Wall Street exists (in most cases) for its own benefit, notwithstanding the altruistic and heartfelt commercials their marketing teams create. Net, net – they are publically traded companies with profit as the motive so selling is their job. Lest we forget their last round of malfeasance (2008-2009
meltdown). Hence, they like to keep an informational advantage over their “customers”.
To our chagrin, most investors are never educated on the capital structure of a company. The capital stack of any company (see diagram) is comprised of a host of securities that are senior obligations of a corporate entity. Our research company begins the analysis process by understanding the credit quality of a company before its stock merits for a simple reason: Equity is the remainder/residual value of company after structurally senior obligations are satisfied.
Wall Street and institutional investors (in their knowledge) often prefer to own the senior securities for themselves.
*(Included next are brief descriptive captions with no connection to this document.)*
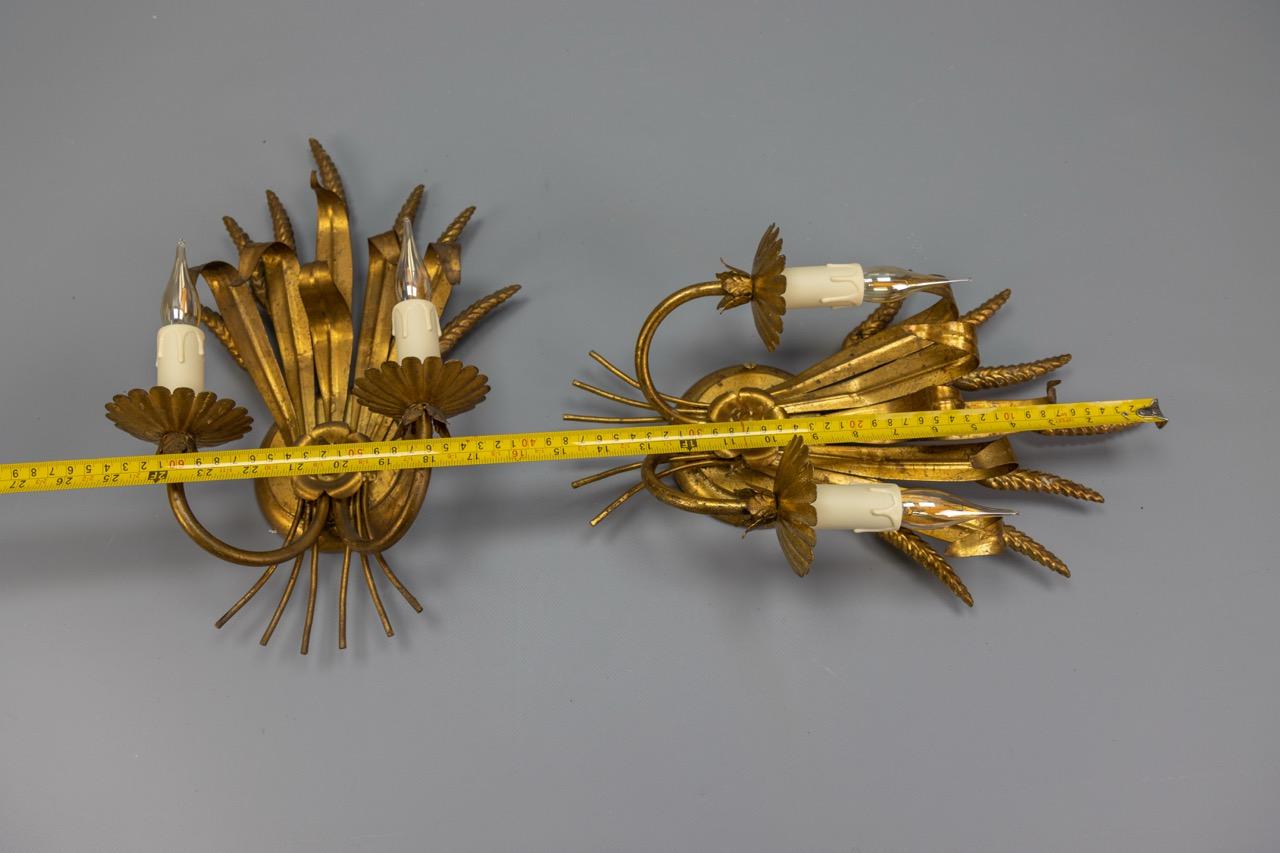 Paar Wandleuchter aus vergoldetem Metall mit Weizengarbenblättern im Hollywood-Regency-Stil, 1970er Jahre im Angebot 8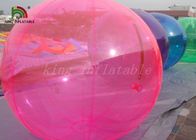 Paseo inflable colorido durable en el PVC impermeable del diámetro 1.0m m de la bola los 2m del agua para el alquiler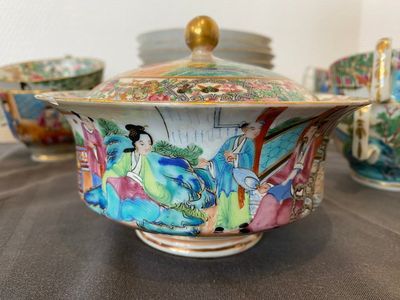 Service à thé de 24 pièces en porcelaine de Chine famille rose de Canton, 19ème — photo 6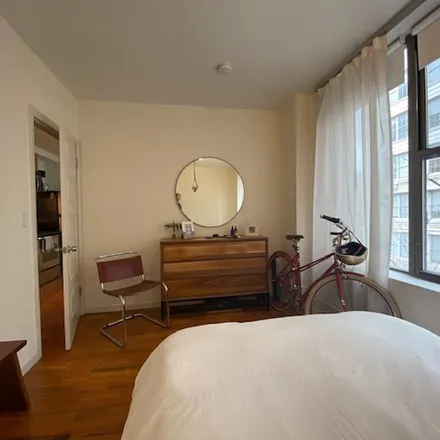 Rent this 1 bed apartment on 73 Pineapple Street in New York, NY 11201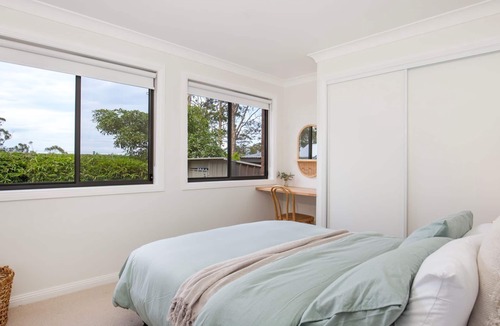 Erowal Bay House | Magnolia Cottage - Pet Friendly - 5 Mins Drive to Hyams Beach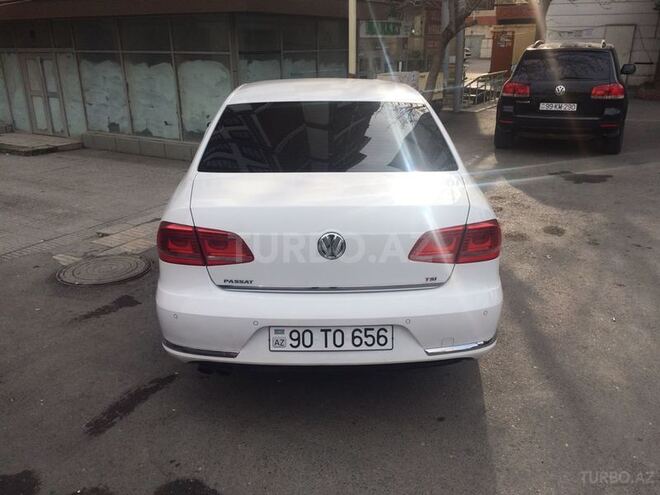 Volkswagen Passat 2011, 55,000 km - 1.8 l - Bakı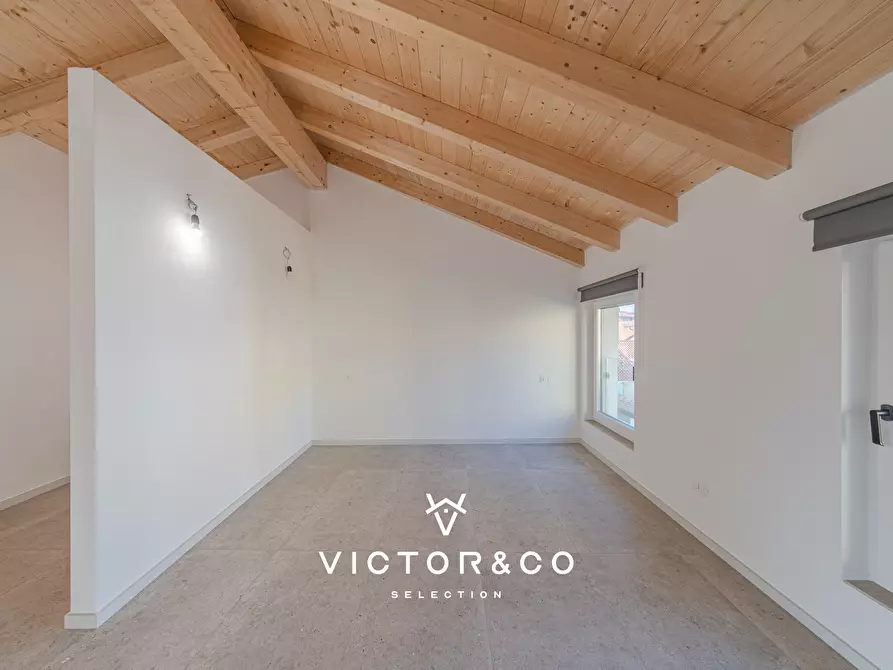 Immagine 18 di Villa in vendita  in Vicolo G. Brustio 1 a Galliate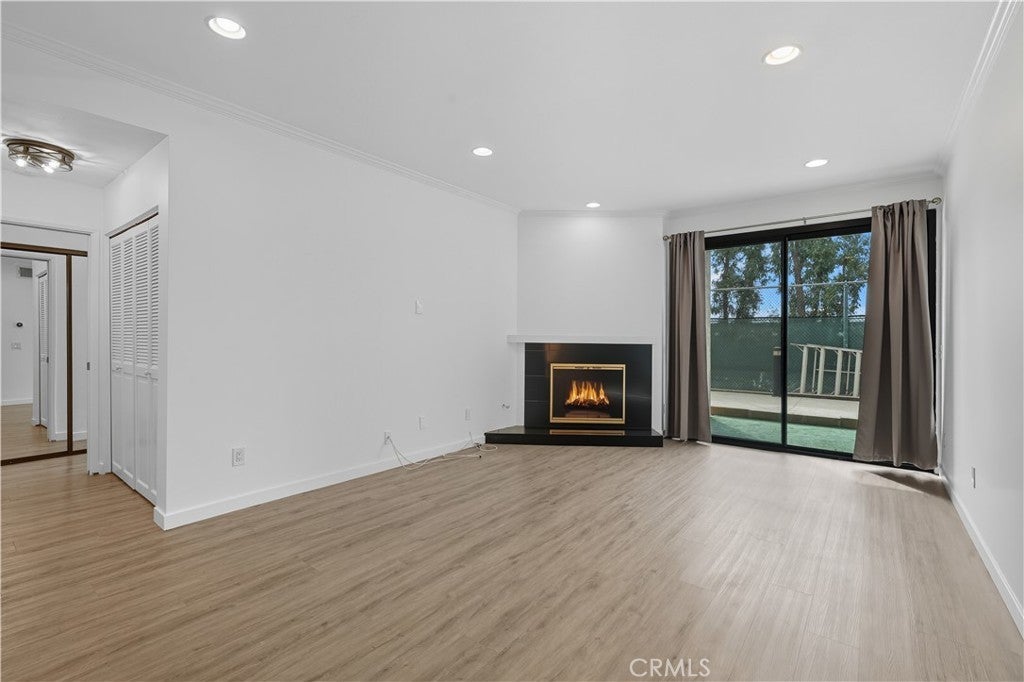 Photo of Listing #SB25237177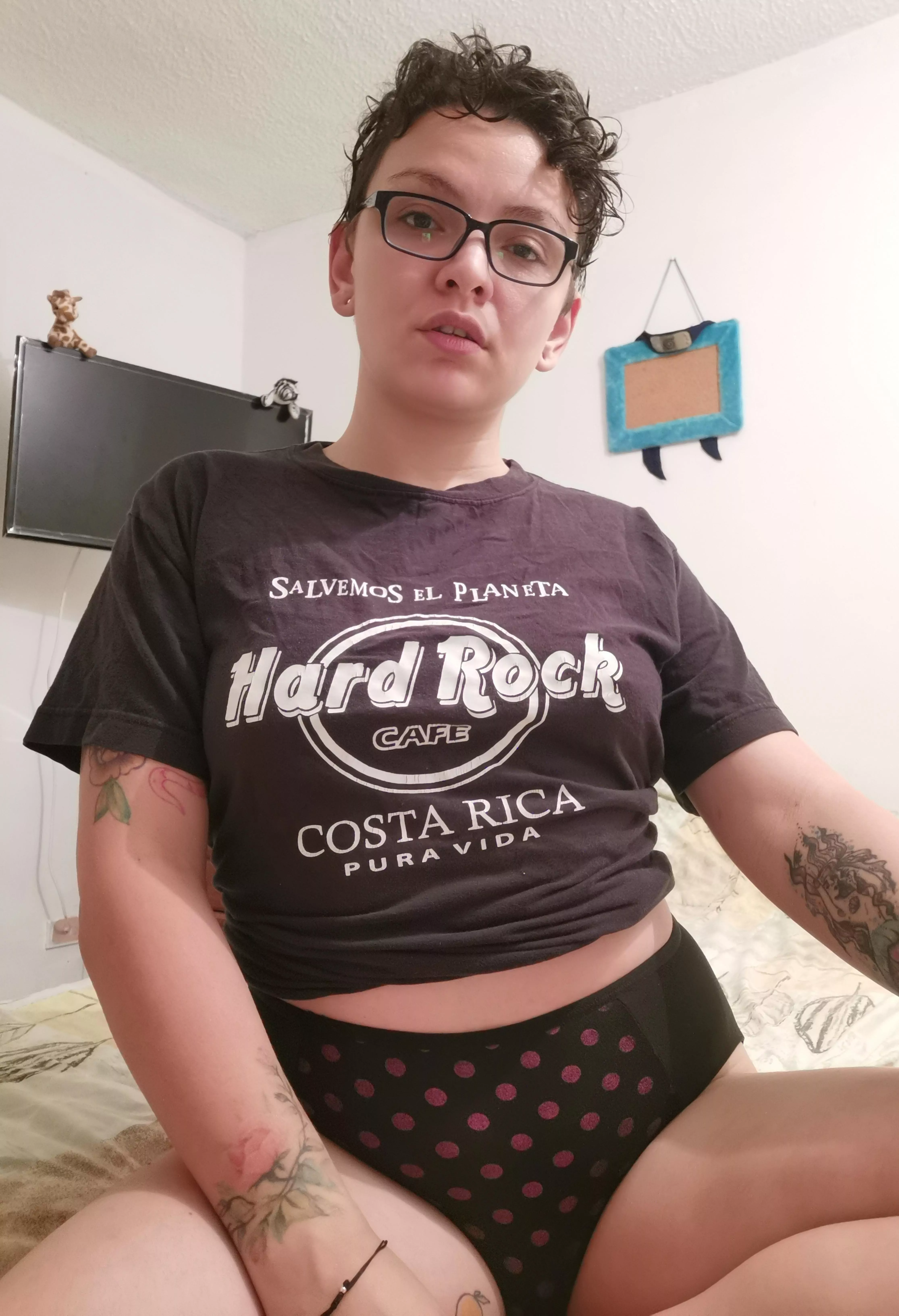 I sell sext, cam, cock ratings, premades and customs! Contact below 👅 [gfe][kik][snap]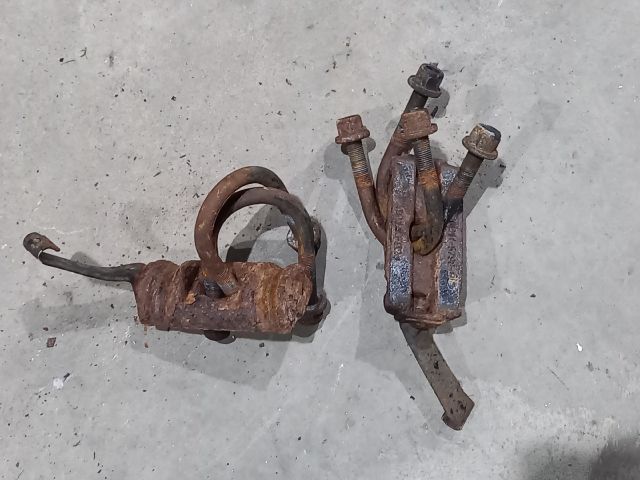 bontott FORD TRANSIT Cuppántcsavar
Hence, Wall Street loves to SELL those securities where it is paid most handsomely (IPOs of stock). Remember the altruistic commercials. Beware the big banks/insurance cos. There is a substantial reason they abhor the FIDUCIARY role.
At the beginning of any new client conversation, we often step back from the “long term investor” conversation and say: “Where is VALUE today”? After all, our job (Forest Capital) is to generate return with moderate to low underlying risk, immediately, not always rationalizing things over the long-term. We will all be dead over the long-term. With starting (present) valuations back (after August -13% drawdown) at very high historical levels, and entering a potential interest rate tightening cycle, we find only modest value in stocks Today. See chart below.
We are finding value in closed end funds TODAY. The interest rate tantrums of the past year(s) always spook the poor souls that were SOLD closed end funds at IPO (NEVER BUY @ IPO, EVER). With discounts in excess of 15% to NAV and yields above 8% (taxable) and 5% (tax free) we believe the risk is fully priced. We are buyers at these levels.
Finding value is a transitory concept and can change week to week. Our search for value is driven by the simple axiom that we buy the same assets for our clients as we would for ourselves. Eating our own cooking, if you will.